The Era of Social Content
The Internet has changed human interaction in profound and complicated ways, and it is important to understand these changes in order to use it to one’s advantage, whether it’s for business or inter-personal communication. At the dawn of the first sites, content was static1. Much like books, websites provided information to users, who could not then interact or engage with it. It was a one-sided communication, which often had out-of-date information and did not provoke creativity or social interaction.
However, it was not long before social networking and sharing websites transformed the Internet into a multi-sided interaction with dynamic and regularly updated content, which the users themselves can influence or create2. Since 1995, this trend has continued to grow exponentially through social functionality, social colonization and social content3. This era of social content is characterized by social networks functioning like operating systems by 1) making every human experience, and 2) providing personalized and accurate content. The Internet of today facilitates the exchange and discussion of ideas and the creation of powerful and informative content not only by individuals, but also by communities as whole.

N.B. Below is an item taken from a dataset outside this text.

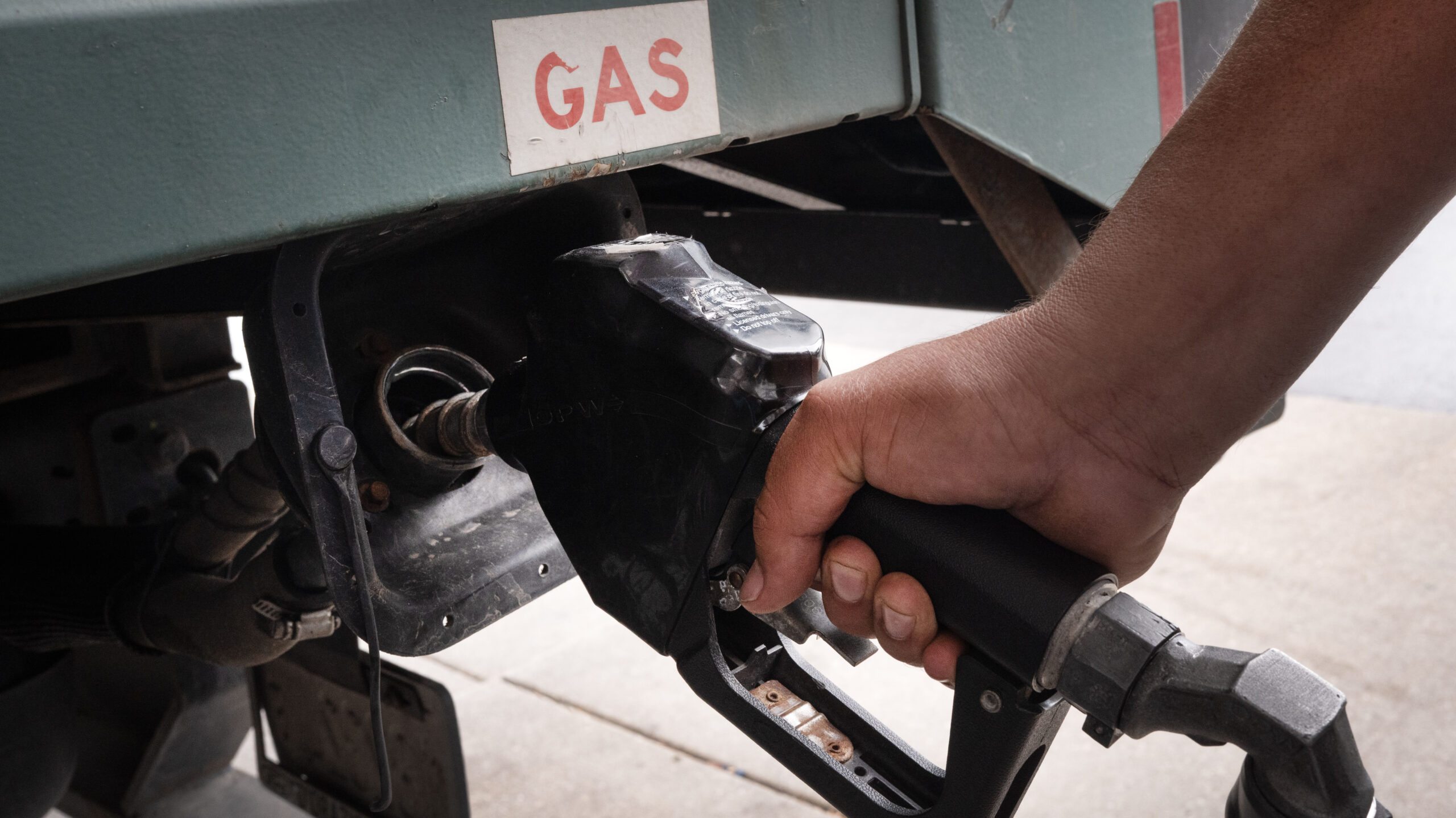 Gas prices set record for highest number of days above $4 a gallon in a calendar year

However, social content should not be interpreted as merely content which is heavily shared on social media websites like Facebook, Twitter, Google+ and LinkedIn. If this were true, then a highly Liked, Shared, +1ed page should have high quality social content, but this is not always true. There is high correlation between these two characteristics4, but there are other explanations for this correlation. One would be that social content causes a lot of sharing on social media (not the other way around), while another is that social content ranks well in search engines, which in turn causes the social media presence.
So what does this mean for businesses? The main social change is that users are more demanding and do not want to be seen as merely consumers. They want to be engaged in the process wherever they are: in an organization, at a company website, or in a personal communication. The best customer strategy for companies is to ask their client communities and listen carefully. They should be flexible and responsive in order to adapt to changes in customer preferences, needs and resources. Transparency is another key issue because the age of social content has made the flow of information faster and easier. Practically speaking, this will be reflected on the company website, whether all relevant product, company and staff information is displayed or not.

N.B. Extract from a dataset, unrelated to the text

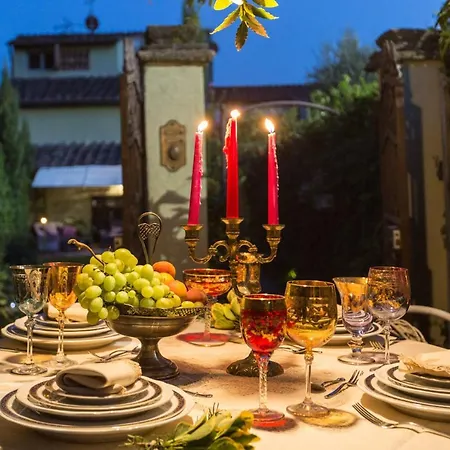 La Dimora Dei Conti, Indulge In A Country With Jacuzzi Facing The Town! Villa Capannori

Another profound impact will be on the marketing and branding strategy of the company. Consumer communities will gain more power and authority, and their support will be more valuable than ever. It makes sense for corporations to build strong and positive relationships with their client communities by, for example, communicating with them and addressing their concerns. Strong advocates will be harder to win but their opinions are more authoritative and widely trusted than the company they support, so it is a worthwhile investment.
In the past it was enough for writers and other content creators to write out well-informed text in order to attract users. Nowadays, to win the discerning reader, the content creator must utilize multiple types of media, such as images and video; must make use of interactive interfaces as much as possible, should create informative, interesting and actionable content; and offer easy sharing options. Nevertheless, companies can take advantage of this social content trend. Outsourcing product design and development to user communities is both cost-efficient and PR friendly, while organizational transparency can improve accountability and management.
So, as with other major changes, it is important to get on the wagon as soon as possible to beat the competition.